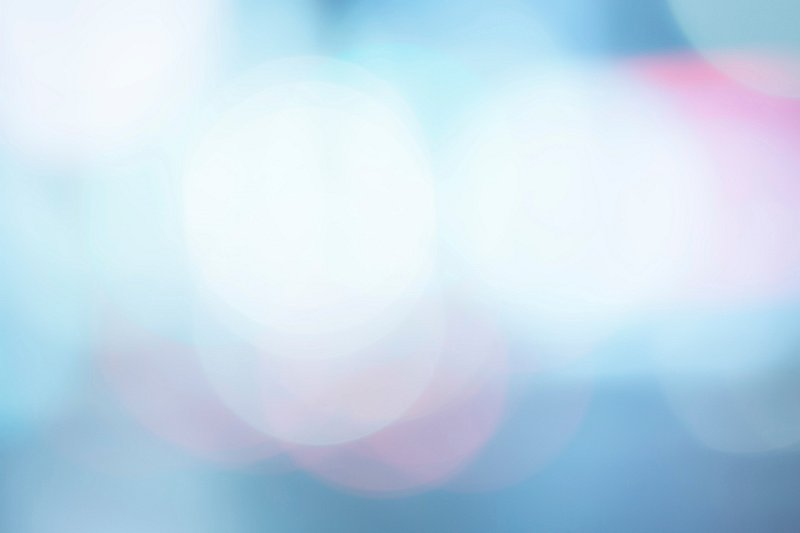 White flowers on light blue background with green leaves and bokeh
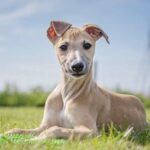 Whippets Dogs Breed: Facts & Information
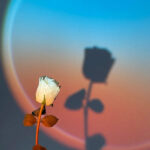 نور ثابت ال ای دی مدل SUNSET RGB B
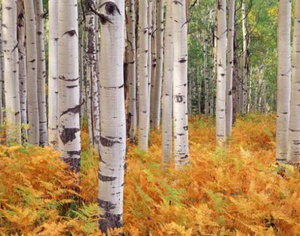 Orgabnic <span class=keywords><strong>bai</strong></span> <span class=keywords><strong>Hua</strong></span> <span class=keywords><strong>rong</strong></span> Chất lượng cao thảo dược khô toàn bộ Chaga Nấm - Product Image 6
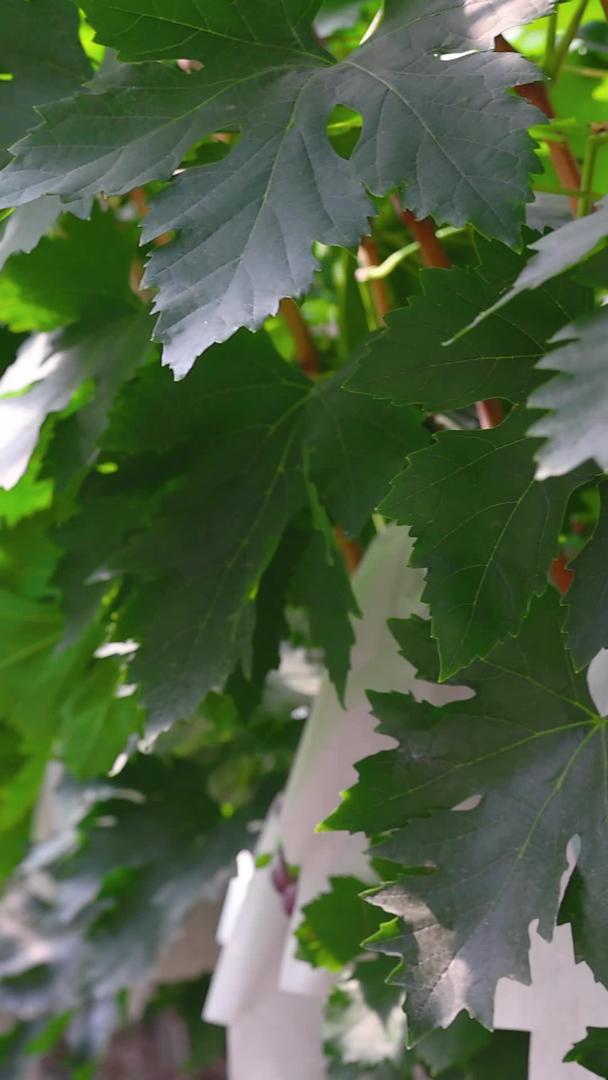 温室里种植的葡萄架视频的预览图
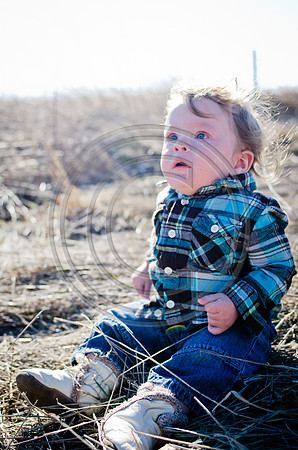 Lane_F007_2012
----
Task prompt: Restate, line by line and word for word, everything from the top of the material through the line that contains "نور ثابت ال ای دی مدل SUNSET RGB B". Leave pictures out.

Your response:
 White flowers on light blue background with green leaves and bokeh
 Whippets Dogs Breed: Facts & Information
 نور ثابت ال ای دی مدل SUNSET RGB B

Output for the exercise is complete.